> Task instructions
Your task is to reproduce the listing exactly, without its images.

> Input data

BEGIN

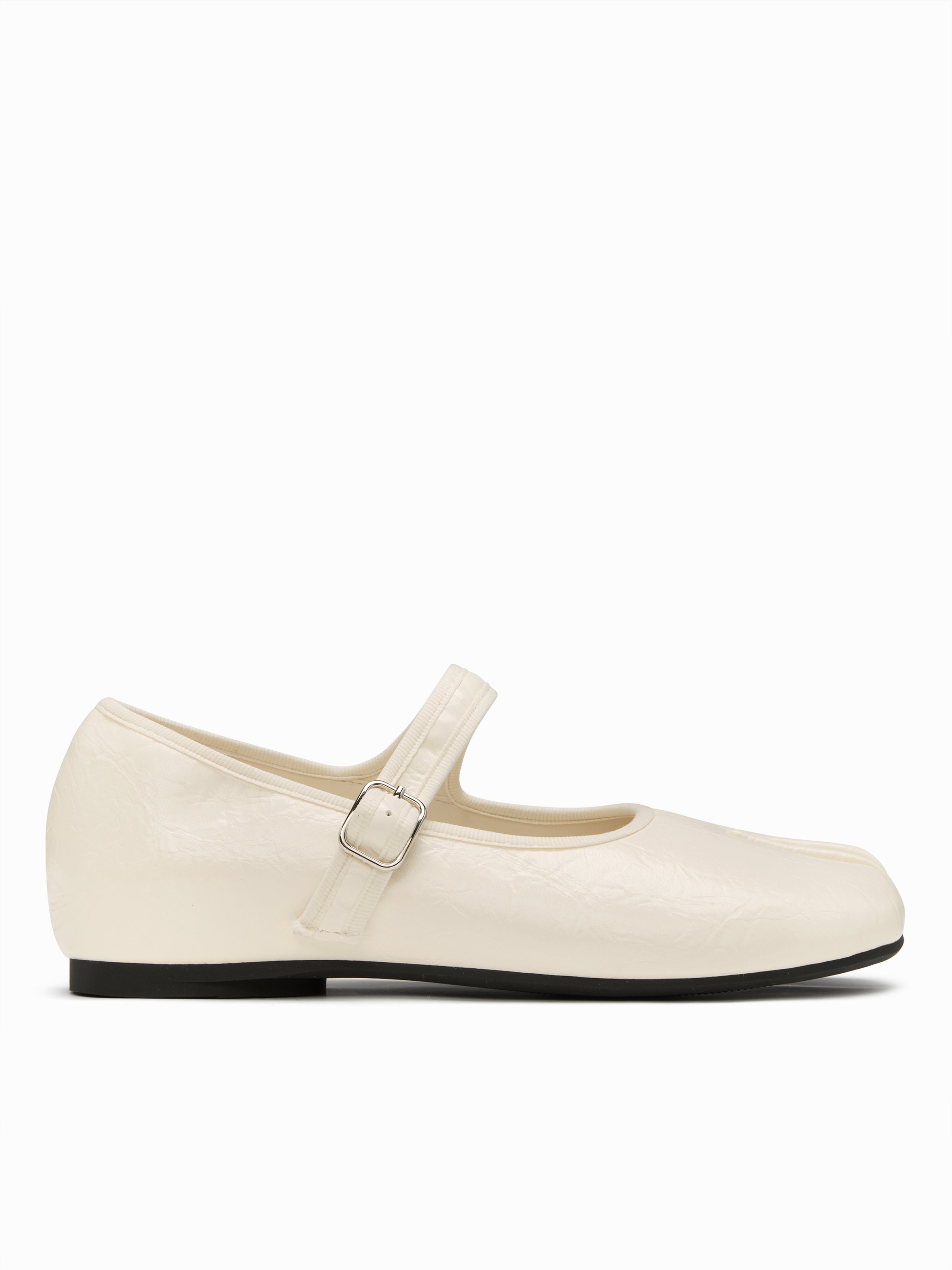 BUCKET SPLIT TOE MARY JANE FLATS — Cream
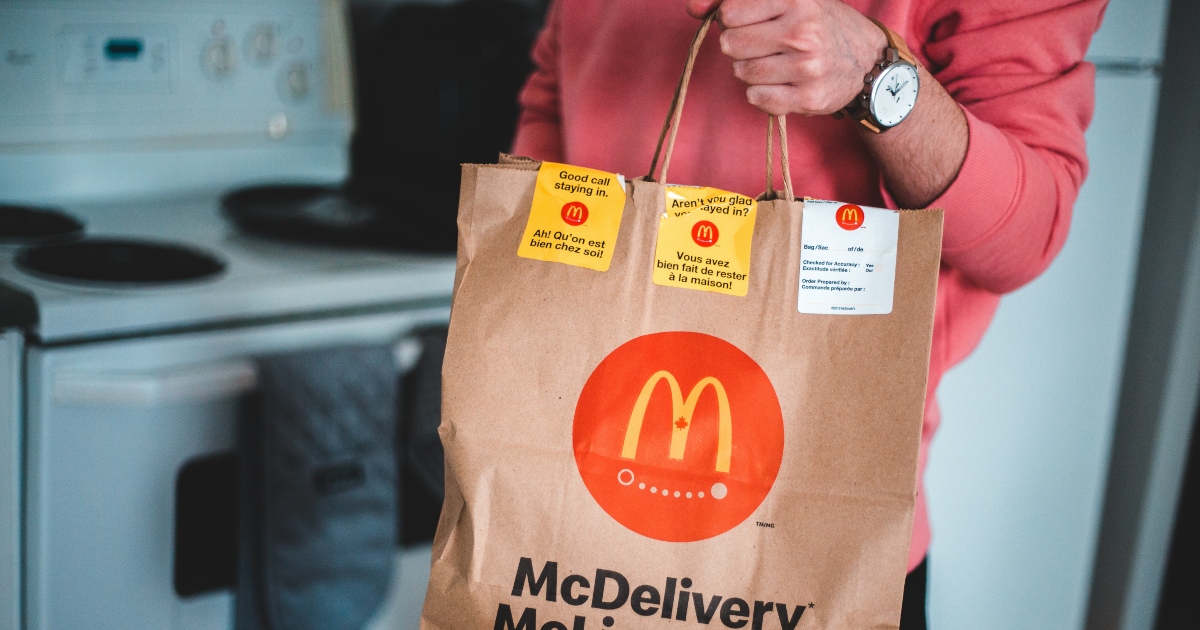Rider mette un biglietto da visita per “perdere peso” dentro un sacchetto di McDonald’s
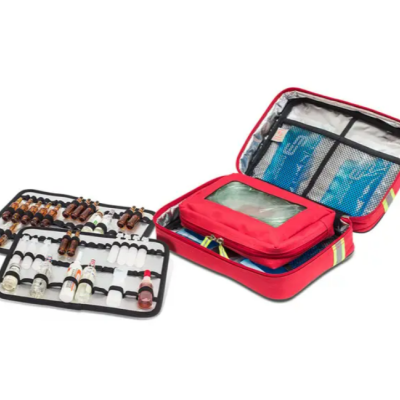 Mala vermelha de primeiros socorros aberta com organizadores e frascos médicos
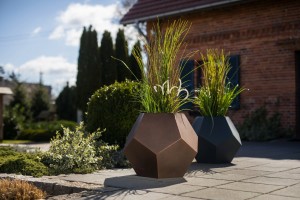 Geometryczna szeroka do salonu donica Alma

END

> Result of this exercise
 BUCKET SPLIT TOE MARY JANE FLATS — Cream
Rider mette un biglietto da visita per “perdere peso” dentro un sacchetto di McDonald’s
 Mala vermelha de primeiros socorros aberta com organizadores e frascos médicos
 Geometryczna szeroka do salonu donica Alma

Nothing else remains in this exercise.